China’s Yuan Comes Off Early Highs As State Banks Offer Fewer Dollars
The yuan edged up against the US dollar on Tuesday, after the central bank fixed the strongest midpoint this year and state-banks apparently intervened to narrow the increasing spread between the spot rate and midpoint.
The People’s Bank of China set the midpoint rate at 6.4565 per dollar prior to market open, only 0.04 percent firmer than the previous fix 6.4589, as a strengthening euro and yen offset a tumble in the dollar index.
The spot market opened at 6.4775 per dollar and was changing hands at 6.4731 at midday, strengthening 0.09 per cent from the previous close but 166 pips weaker than the midpoint.
“The spread between the spot rate and the midpoint once hit a high of almost 200 pips in the morning, which is abnormal,”said a trader at a Chinese commercial bank in Shanghai.
“State-banks had intervened between 6.4750 and 6.4760 in early trade before engaging in a dollar-selling frenzy. The spot rate firmed further as a result.” State-owned banks appeared to withhold dollar liquidity on Friday, allowing the yuan to drift away from the midpoint as far as 300 pips softer. They used to step into the market when the spot rate traded around 50-100 pips away from the midpoint, traders said.
The United States on Friday put China and four other countries on a new monitoring list mostly due to their large surpluses, to address possible unfair currency practices.

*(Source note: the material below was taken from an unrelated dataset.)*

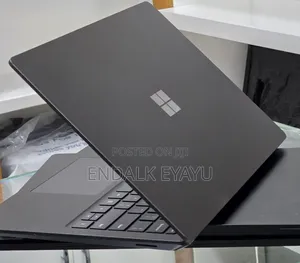 New Laptop Microsoft Surface Laptop 5 16GB Intel Core i7 SSD 512GB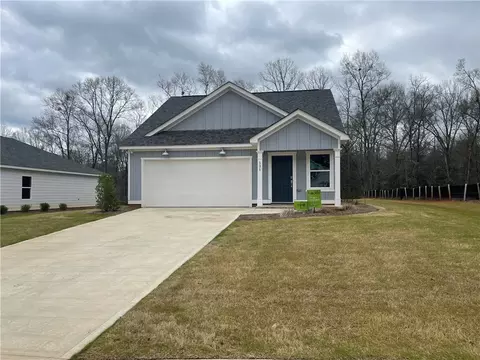 131 Gray St, Opelika, AL 36801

Adding to the worries that China’s recent economic pick-up might be short-lived, activity in the country’s manufacturing sector expanded for the second month in a row in April but only marginally, an official survey showed on Sunday.
The latest China Foreign Exchange Trade System (CFETS) data showed that the index for the yuan’s value based on the market’s trade-weighted basket stood at 97.12 last week, the lowest on record. The index was first published by CFETS in December 2015, setting the yuan’s value at 100 at the end of 2014.
The offshore yuan was trading 0.12 per cent weaker than the onshore spot at 6.4812 per dollar.
Offshore one-year non-deliverable forwards contracts , considered the best available proxy for forward-looking market expectations of the yuan’s value, traded at 6.495, or 2.90 per cent softer than the midpoint.